AILearn
Text Processing FundamentalsTokenization

Tokenization

35 min
Text Processing Fundamentals

Tokenization is the first step in any NLP pipeline. It converts raw text into tokens (words, subwords, or characters) that models can process.

Definition

Tokenization is the process of breaking down text into smaller units called tokens. These can be words, subwords, or characters depending on the tokenization strategy.

Key Concepts

Word Tokenization

Splitting text by whitespace and punctuation. Simple but struggles with unknown words.

Subword Tokenization

Breaking words into smaller meaningful pieces. BPE, WordPiece, and SentencePiece are popular methods.

Vocabulary

The set of unique tokens the model knows.
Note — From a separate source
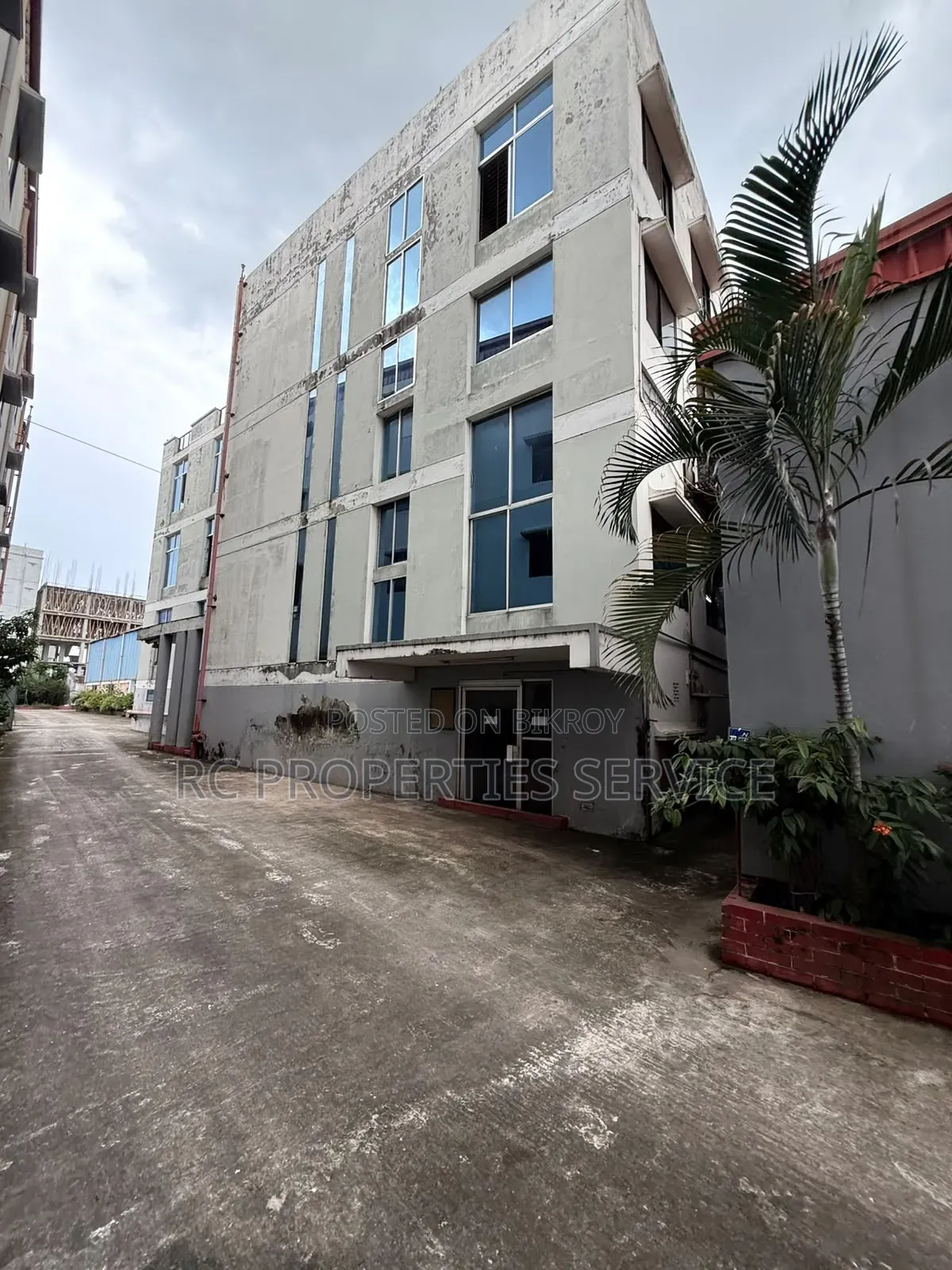 SFT Accessories Factory Rent in Savar Hemayetpur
Out-of-vocabulary (OOV) tokens are handled with special [UNK] tokens.

Special Tokens

[CLS], [SEP], [PAD], [MASK] - tokens with special meaning for models like BERT.

Real-World Applications

Google Search

Search

Query tokenization is crucial for understanding user intent and matching relevant results.

ChatGPT

AI

Uses BPE tokenization to handle any text input, including code, multiple languages, and novel words.

Code Example

python
import re
from collections import Counter

class SimpleTokenizer:
    """
    Basic word tokenizer with vocabulary
    """
    def __init__(self, vocab_size=10000):
        self.vocab_size = vocab_size
        self.word_to_id = {'[PAD]': 0, '[UNK]': 1}
        self.id_to_word = {0: '[PAD]', 1: '[UNK]'}

    def tokenize(self, text):
        """Split text into tokens"""
        # Lowercase and split on non-alphanumeric
        text = text.lower()
        tokens = re.findall(r'\b\w+\b', text)
        return tokens

    def build_vocab(self, texts):
        """Build vocabulary from training texts"""
        all_tokens = []
        for text in texts:
            all_tokens.extend(self.tokenize(text))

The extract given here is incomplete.